[TASK DETAILS]:
Copy out each entry below verbatim, skipping the images.

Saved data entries
>>>

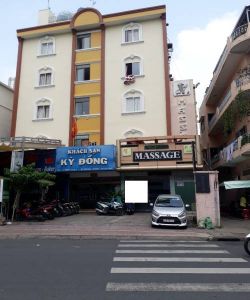 cho thue nha mat tien duong ky dong q3 dt12x17 1 tret 2 lau gia  150 thang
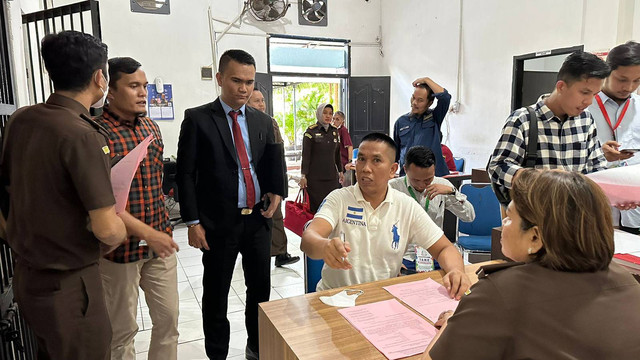 AKBP Achiruddin Hasibuan diserahkan ke Kejari Medan usai berkas perkara penganiayaan dan gudang solar ilegal dinyatakan lengkap, Selasa (27/6/2023). Foto: Dok. Polda Sumut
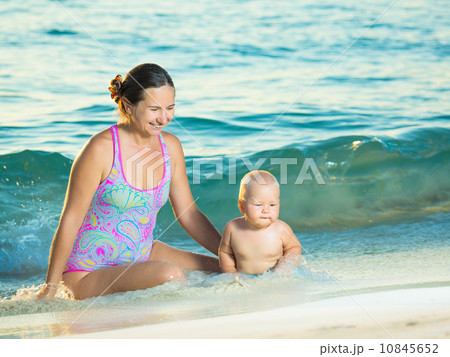 Baby and mother 10845652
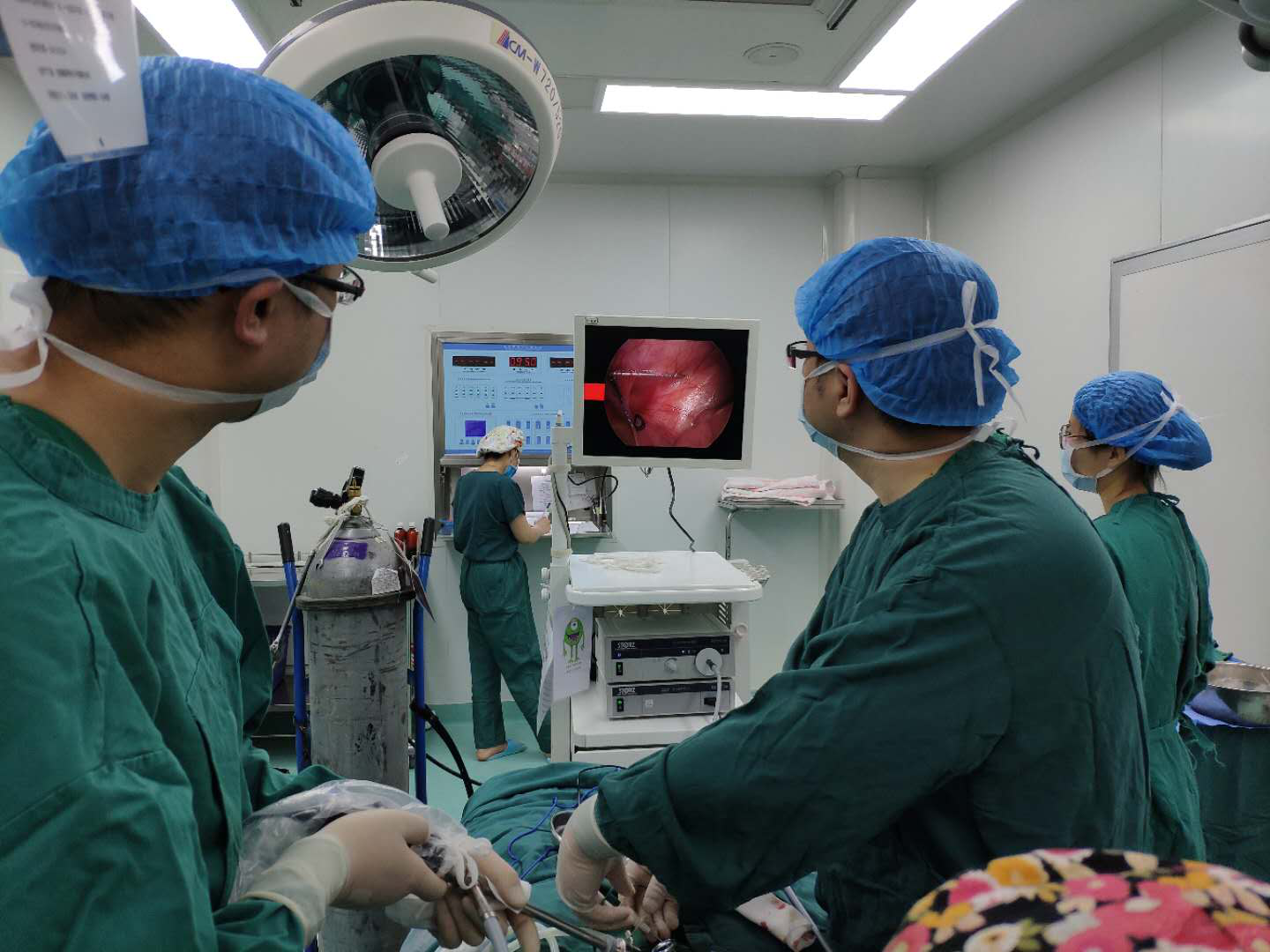 【见微知著】陕西省康复医院普外科成功完成一例1岁9个月患儿腹腔镜右侧腹股沟疝高位结扎术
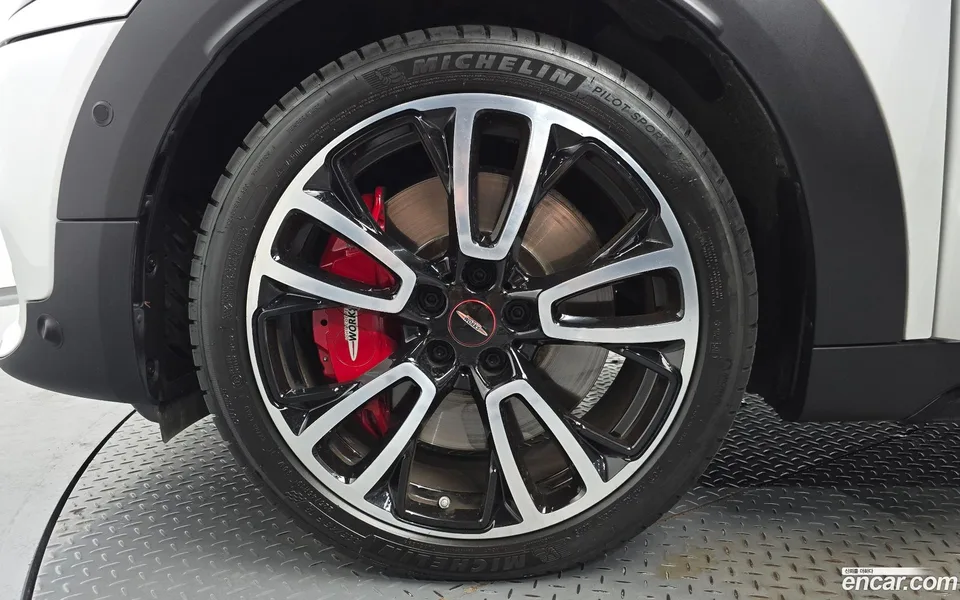 MINI Cooper S Countryman JCW 2023 — thumbnail 2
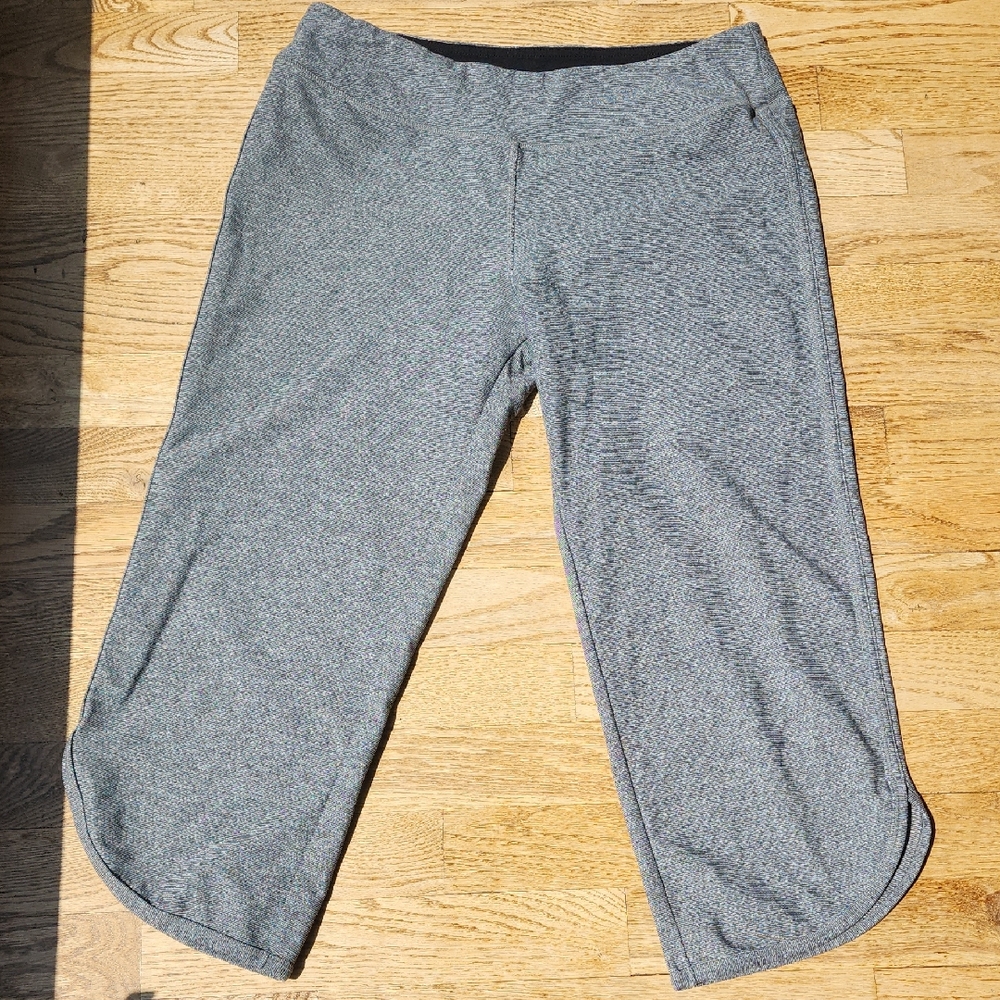 (M) Tuff Athletics Gray Workout Capris Stretchy Comfy Athleisure Heathered Soft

<<<

[RESULT]:
 cho thue nha mat tien duong ky dong q3 dt12x17 1 tret 2 lau gia  150 thang
 AKBP Achiruddin Hasibuan diserahkan ke Kejari Medan usai berkas perkara penganiayaan dan gudang solar ilegal dinyatakan lengkap, Selasa (27/6/2023). Foto: Dok. Polda Sumut
 Baby and mother 10845652
 【见微知著】陕西省康复医院普外科成功完成一例1岁9个月患儿腹腔镜右侧腹股沟疝高位结扎术
 MINI Cooper S Countryman JCW 2023 — thumbnail 2
 (M) Tuff Athletics Gray Workout Capris Stretchy Comfy Athleisure Heathered Soft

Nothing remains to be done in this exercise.